Students threw out hundreds of dollars worth of food after a three-day power outage caused by Hurricane Matthew.
High winds, beginning on Saturday, Oct. 8, announced the arrival of Hurricane Matthew, rocking streetlights and bowing down tree limbs. A particularly strong gust toppled over a large tree, splitting VWC’s main electricity pole in half and causing a campus-wide power outage..
Vice President of Academic affairs Dean O’Rourke called the storm “one of the longest power outages during his time” at Virginia Wesleyan College.
Although the Jane P. Batten Student Center has a back up generator that was able to power the cafeteria, the majority of campus, including all four villages, went without power.
Despite the fact that early reports released by Dominion Virginia Power suggested the damaged power source would be fixed by Sunday, due to the severity of the damage and the plethora of power outages across Hampton Roads, power was not restored to campus until Monday night after 8 p.m.
This had disastrous effects on student’s refrigerated food sources.
“We had to throw out like six or seven bags of food… it was bad,” junior Luke Wentling said.
“The storm certainly caught a lot of people by surprise,” Chaplain Greg West explained.
Devastated by the amounts of food students had to throw out, some students have called for a reimbursement from the school.
“The school should give us a week’s worth of swipes,” Wentling said.

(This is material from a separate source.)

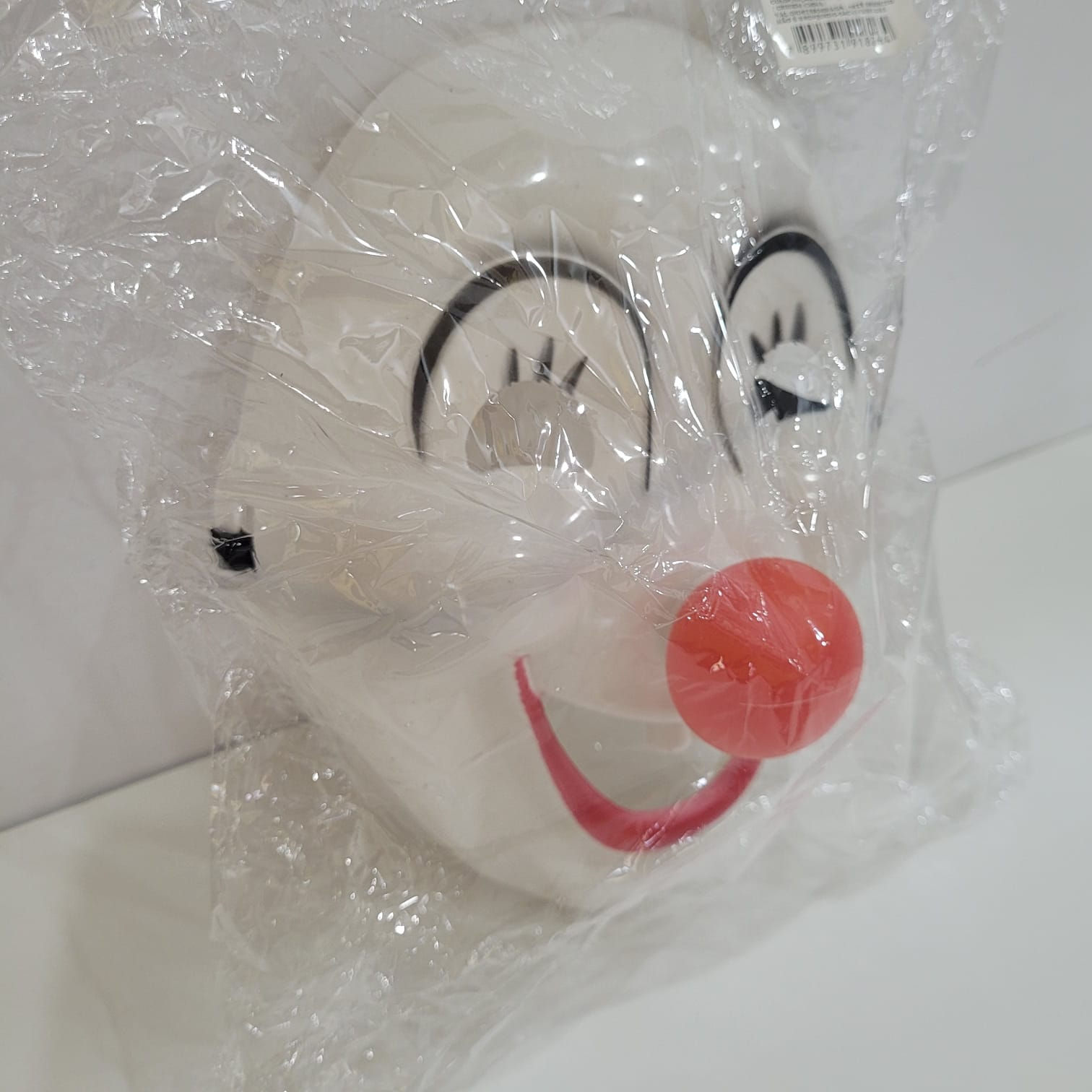 Máscara de Palhaço para Festas Halloween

Others expressed discontent with the lack of hot water.
“We lost power for like four days and I didn’t shower because there was no hot water,” sophomore Liza Holford said.
While O’Rourke expressed sympathy for students facing “significant inconveniences” as a result of the power outage, he is thankful that the most loss from the storm was one day of cancelled classes.

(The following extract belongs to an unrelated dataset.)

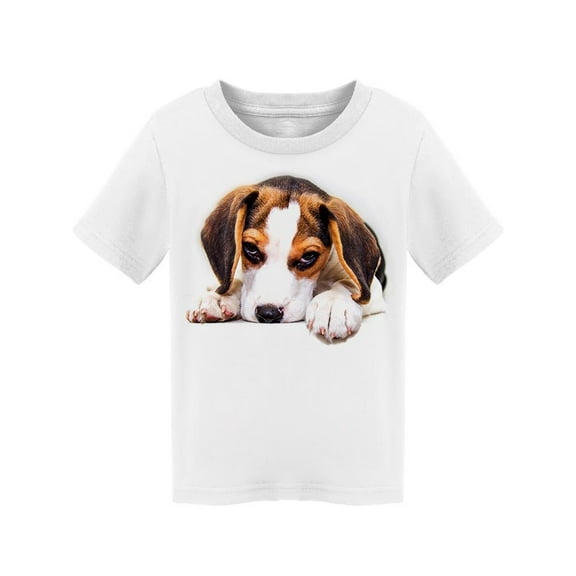 Lovely Beagle Puppy. T-Shirt Toddler -Image by Shutterstock, 3 Toddler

“All things considered, I feel fortunate, I feel fortunate that the hurricane did not pass directly through Norfolk, I feel fortunate that most of the hazardous weather conditions occurred over the weekend… and ultimately on Monday we lost a day of classes,” O’Rourke said.
Early models of the storm by Wavy News 10 predicted the storm would pass directly through Norfolk and be dangerous enough to warrant evacuations across Hampton Roads. O’Rourke explained that if the storm had progressed on this track, VWC students would have all been evacuated. However, the week of the storm, it appeared the storm had turned out to sea.
“While we clearly underforecasted the rain and wind from the storm. Folks should still realize that there was some warning,” Meteorologist Jeremy Wheeler remarked on the Wavy News 10 blog.
Wheeler explained that people did not take the storm and the multiple flood watch alarms seriously.
While Hampton Roads endured extensive power outages, areas in North Carolina experienced severe flooding, which caused damage to homes and even deaths.
“I think people were babies about it, people in Haiti are dying, we lost some food,” sophomore Hannah Weber said.
What made the storm a challenge to prepare for was the constantly changing projections of how it would influence Hampton Roads. To compensate for this, O’Rourke explained that Virginia Wesleyan College’s emergency planning committee put several variations in place.
“I think we were proactive in preparing for the worst case, we had a good plan for the better case we actually confronted…Students were greatly inconvenienced but they were not harmed,” O’Rourke explained.